Pour lui, «les aides consenties aux associations doivent figurer dans le bilan annuel que l'association est tenue de soumettre, non pas selon le degré de proximité vis-à-vis de l'autorité, mais devant l'administration qui a octroyé l'agrément».
Evoquant l’utilisation de certaines associations à des fins politiques, notre expert a tenu à préciser que l'article 13 de la nouvelle législation a «interdit aux associations d'entretenir des relations avec les partis politiques aussi bien aux plans structurel qu'organisationnel y compris l'octroi de dons ou d'aides financières». Il n’en demeure pas moins que la mise en œuvre de certaines dispositions «reste difficile», souligne t-il.
Que stipule-t-elle ?
Les associations avaient depuis plus de 20 ans crié haut et fort leurs difficultés à activer dans l’ombre d’une loi obsolète. Les insuffisances de l’ancienne loi vont de la complexité de la procédure pour l’obtention d'agrément, à la non-reconnaissance du rôle des associations comme médiateur entre le citoyen et les pouvoirs publics en passant par le manque de moyens matériels et financiers. Ces contraintes et bien d’autres encore étaient et sont toujours au cœur des préoccupations du monde associatif plus d’une année après l’adoption de la nouvelle loi.

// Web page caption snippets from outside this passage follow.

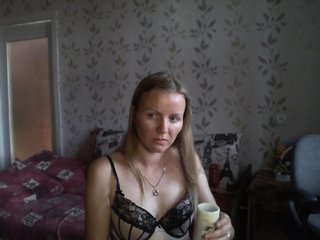 Емитовање снимка екрана SweetKaty8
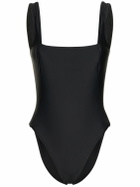 HÉROS The Square Cut Suit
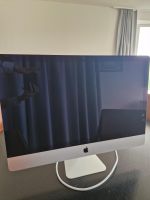 iMac Retina 5K, 27", 2020 München - Maxvorstadt Vorschau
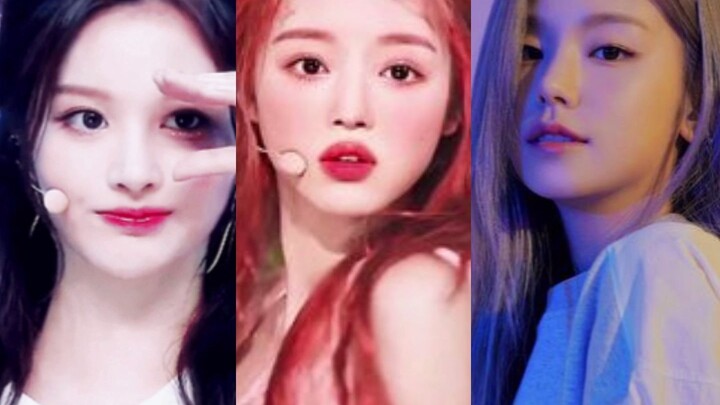 Belakangan ini KPOP lagi ramai dengan sebuah tren baru: benar-benar peduli terhadap kondisi mental p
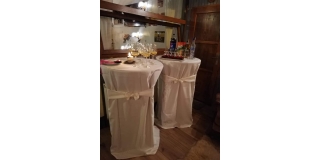 Privát POHODA – fotografia 37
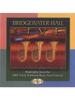 CD VARIOUS - Bridgewater Hall Live SFZ106 Egon 2001 UK Military Used
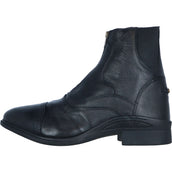 Kavalkade Jodhpurs Lucius Black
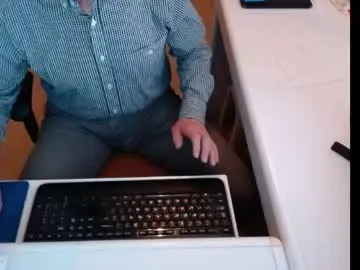 Live Porn with dutchpornking2 - Chaturbate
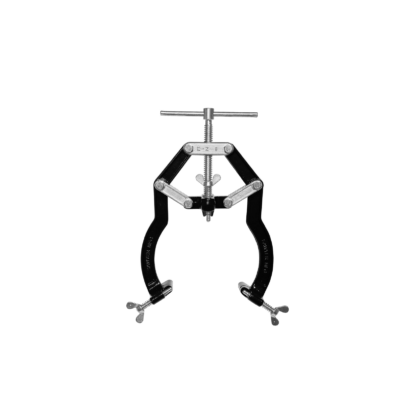 EZ clamp, type 252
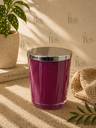 150g Egyptian Colored Jar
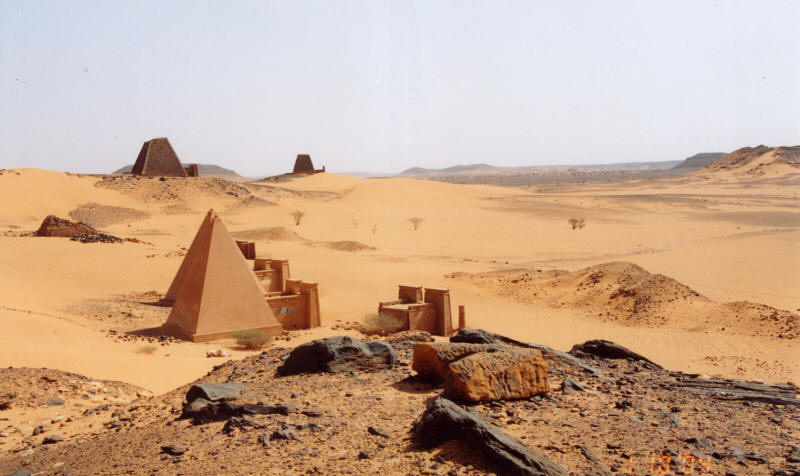 [Pyramids+from+top.jpg]
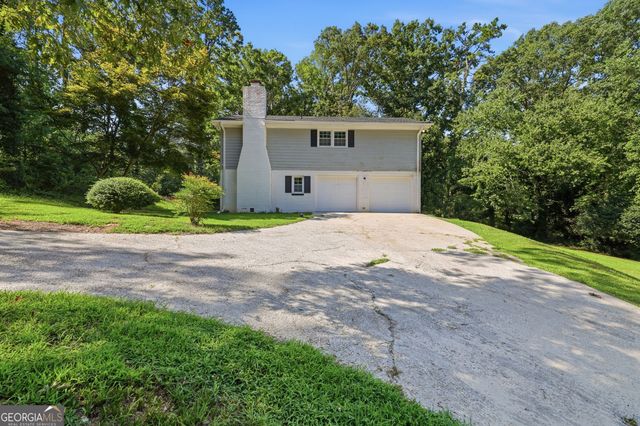 3 Stonewood Court, Toccoa, GA 30577
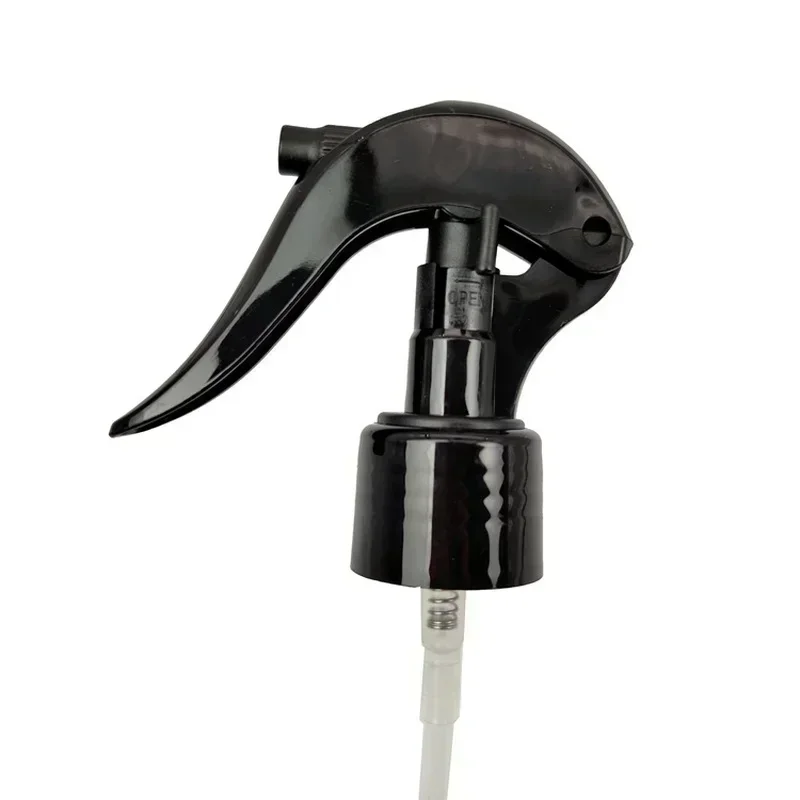 1pc 30-500ml garrafa de alumín - Room Spray Bottle avaliação e preço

Celle-ci a tenu compte de tous les obstacles soulevés par les ONG, selon les pouvoirs publics. Pour preuve et à titre indicatif, la nouvelle loi a associé l'Assemblée populaire communale (APC), la wilaya et le ministère de l'Intérieur, dans l'opération d'octroi de l'agrément, en application du principe de décentralisation de la gestion. Dans cette loi, les structures chargées de trancher les demandes d'agrément ont un délai de 30 jours pour les associations communales, de 40 jours pour les associations de wilaya, de 45 jours pour les associations interwilayas et 60 jours pour les associations nationales. Selon la nouvelle loi, les réponses aux demandes d'agrément doivent impérativement être rendues avant l'expiration des délais cités. Les demandes d’agrément rejetées peuvent, quant à elles, faire l’objet d'un recours auprès d’un tribunal administratif compétent.
Dans ce texte de loi, l’Etat est dans l’obligation de réglementer les aides octroyées à ces structures. Il y va de même pour l’activité des associations étrangères et leur coopération avec les associations locales.